§ Problem to work on: Every line from the one holding "T-shirt noir à" to the end of the entries should be repeated exactly, with the pictures left out.

§ Task inputs:

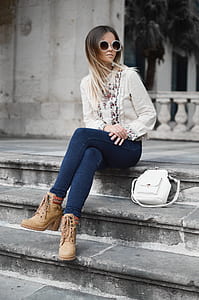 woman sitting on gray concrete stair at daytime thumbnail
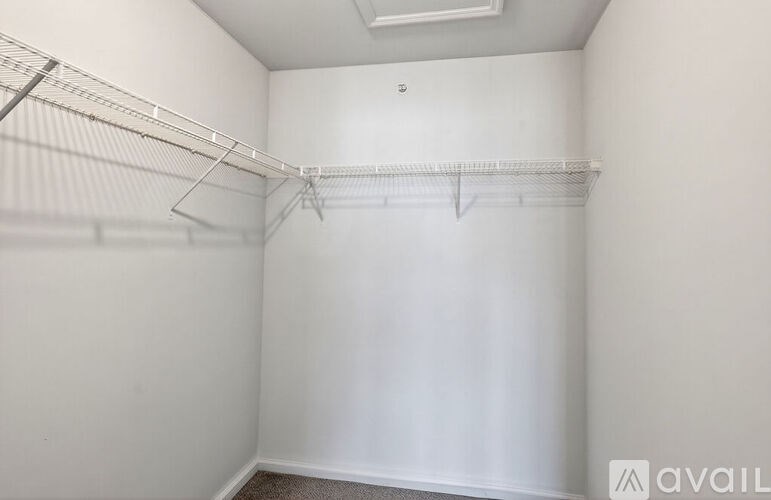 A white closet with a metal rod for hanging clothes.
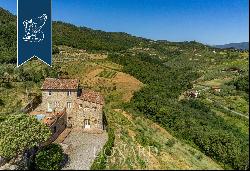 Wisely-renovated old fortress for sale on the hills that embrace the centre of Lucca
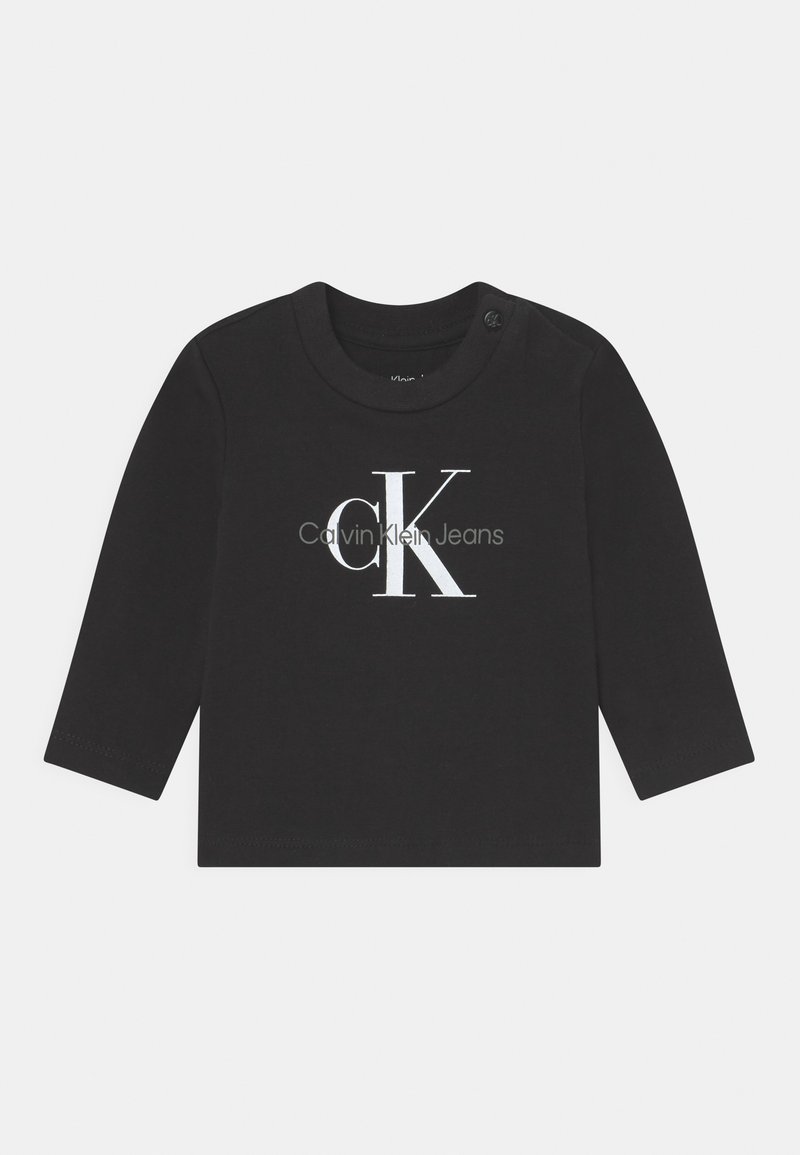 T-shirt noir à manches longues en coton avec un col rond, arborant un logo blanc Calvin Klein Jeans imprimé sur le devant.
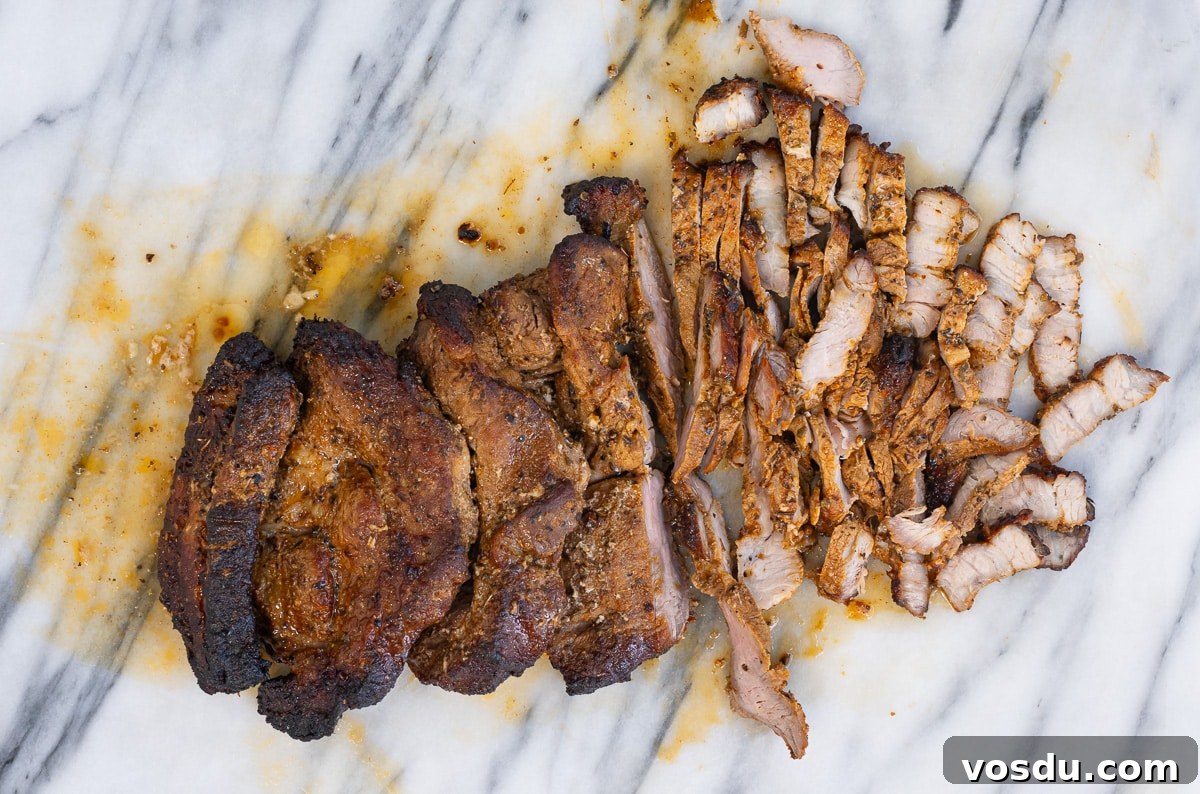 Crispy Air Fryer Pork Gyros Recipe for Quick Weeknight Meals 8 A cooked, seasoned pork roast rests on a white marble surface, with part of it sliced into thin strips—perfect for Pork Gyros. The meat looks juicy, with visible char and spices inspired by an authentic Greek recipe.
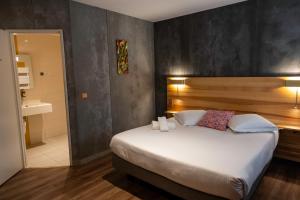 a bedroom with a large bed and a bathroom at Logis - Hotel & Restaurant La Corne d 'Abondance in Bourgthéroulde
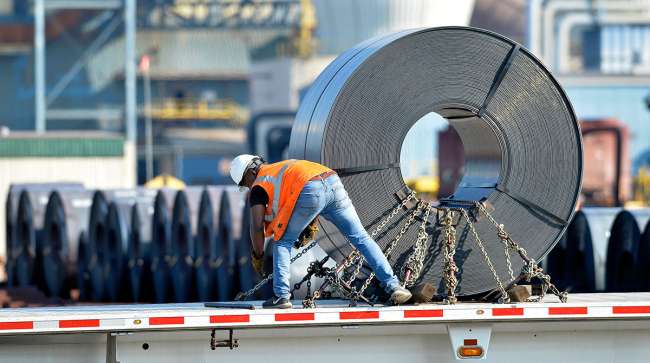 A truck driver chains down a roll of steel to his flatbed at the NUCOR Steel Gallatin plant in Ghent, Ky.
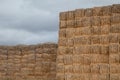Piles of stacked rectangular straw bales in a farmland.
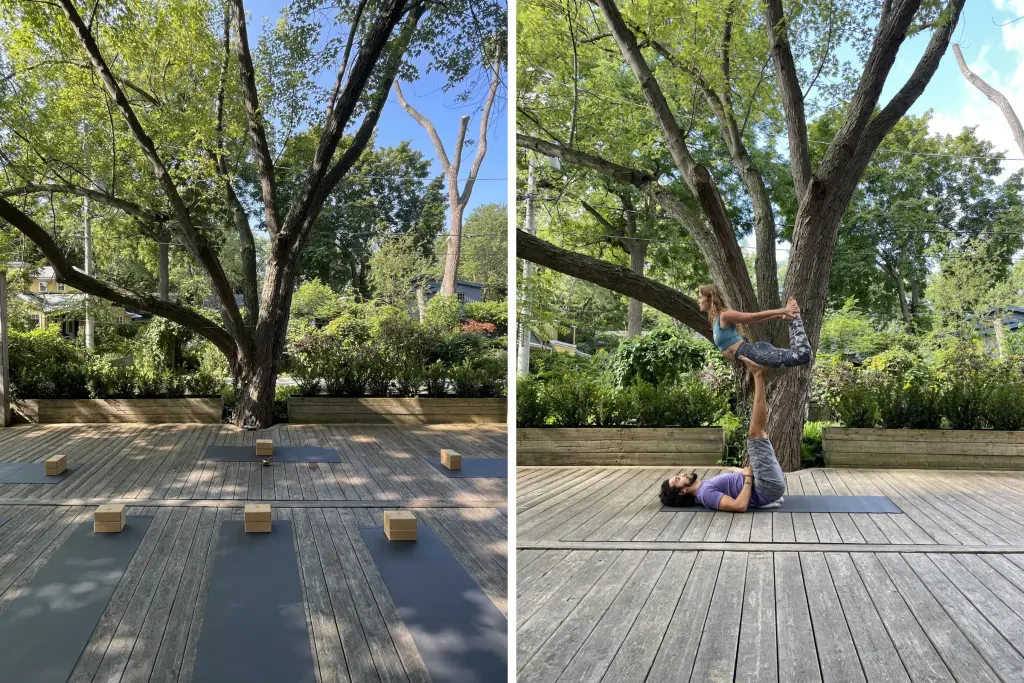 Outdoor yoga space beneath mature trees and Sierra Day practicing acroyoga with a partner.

§ Task result:
 T-shirt noir à manches longues en coton avec un col rond, arborant un logo blanc Calvin Klein Jeans imprimé sur le devant.
 Crispy Air Fryer Pork Gyros Recipe for Quick Weeknight Meals 8 A cooked, seasoned pork roast rests on a white marble surface, with part of it sliced into thin strips—perfect for Pork Gyros. The meat looks juicy, with visible char and spices inspired by an authentic Greek recipe.
 a bedroom with a large bed and a bathroom at Logis - Hotel & Restaurant La Corne d 'Abondance in Bourgthéroulde
 A truck driver chains down a roll of steel to his flatbed at the NUCOR Steel Gallatin plant in Ghent, Ky.
Piles of stacked rectangular straw bales in a farmland.
 Outdoor yoga space beneath mature trees and Sierra Day practicing acroyoga with a partner.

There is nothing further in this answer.